[Caption-style text data]
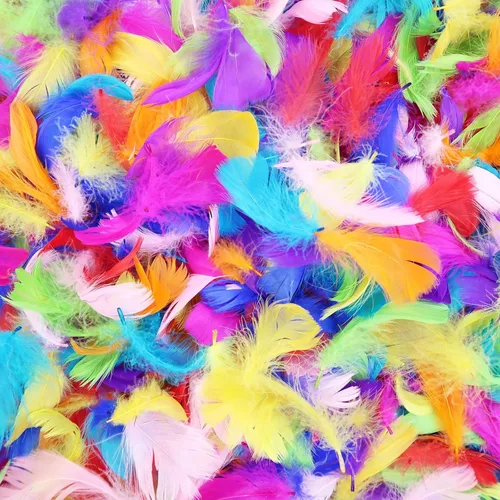 Miniatura 15 de 400 plumas negras, pequeñas plumas naturales para manualidades a granel, colores surtidos de 2.0-3.1 in, plumas de ganso para relleno de regalos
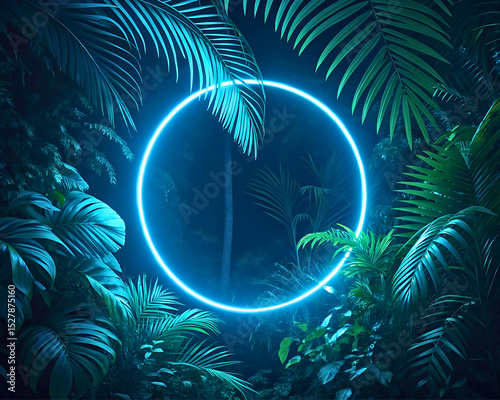 Luminous Neon Circle in Lush Tropical Foliage Night Scene photo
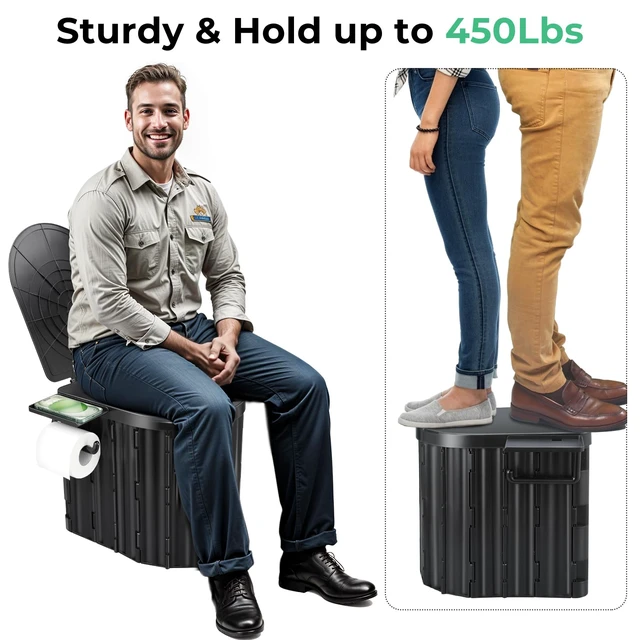 Alt view image 3 of 7 - Sckee Camping Toilet, Portable Toilet for Adults, Portable Travel Folding Toilet with Lid and Paper Holder, Compact Potty for Car, Camp Toilet Portable Toilet for Camping, Hiking,Truck, RV, Beach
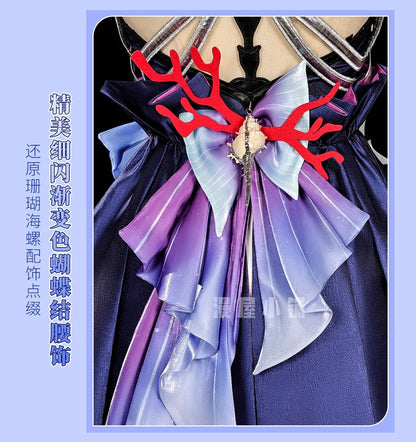 iCoser Honkai Star Rail Hysilens Cosplay Costume Wig Dress Headwear Amphoreus Halloween Party for Women Girls Carnival Cos Props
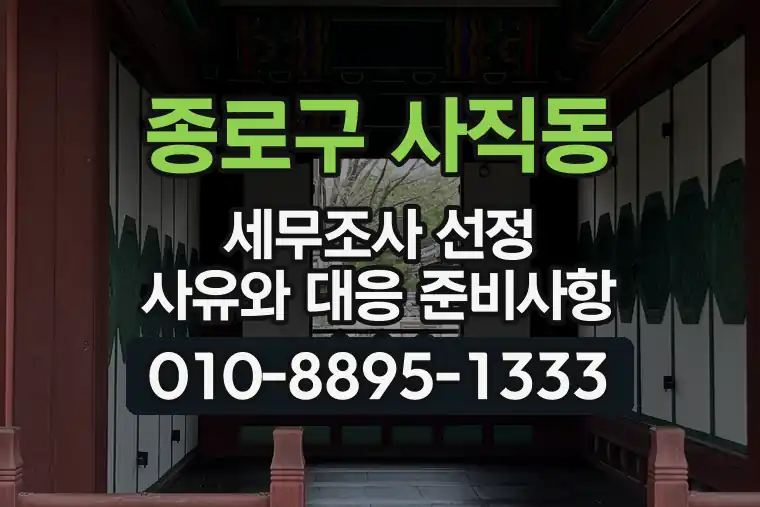 서울 종로구 사직동 세무조사 선정 사유와 대응 준비사항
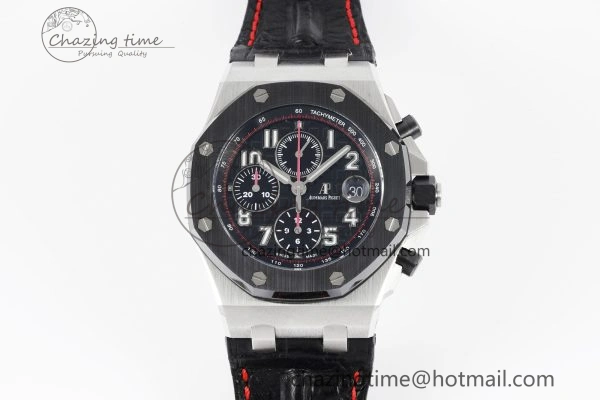 Royal Oak Offshore JJF 1:1 Best Edition “Dark Knight” on Black Red Leather Strap A3126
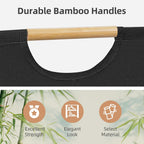 STORAGE MANIAC 2-Pack Large Laundry Hamper, 100L (26.4 Gal) Collapsible Laundry Basket with Bamboo Handles, Freestanding Waterproof Clothes Hamper for Laundry Room, Bedroom, Dorm, Towels, Black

#### PROMPT:
Go back to the records above and write them out exactly, without the pictures.

#### SOLVED PROBLEM:
 Miniatura 15 de 400 plumas negras, pequeñas plumas naturales para manualidades a granel, colores surtidos de 2.0-3.1 in, plumas de ganso para relleno de regalos
 Luminous Neon Circle in Lush Tropical Foliage Night Scene photo
 Alt view image 3 of 7 - Sckee Camping Toilet, Portable Toilet for Adults, Portable Travel Folding Toilet with Lid and Paper Holder, Compact Potty for Car, Camp Toilet Portable Toilet for Camping, Hiking,Truck, RV, Beach
 iCoser Honkai Star Rail Hysilens Cosplay Costume Wig Dress Headwear Amphoreus Halloween Party for Women Girls Carnival Cos Props
 서울 종로구 사직동 세무조사 선정 사유와 대응 준비사항
 Royal Oak Offshore JJF 1:1 Best Edition “Dark Knight” on Black Red Leather Strap A3126
 STORAGE MANIAC 2-Pack Large Laundry Hamper, 100L (26.4 Gal) Collapsible Laundry Basket with Bamboo Handles, Freestanding Waterproof Clothes Hamper for Laundry Room, Bedroom, Dorm, Towels, Black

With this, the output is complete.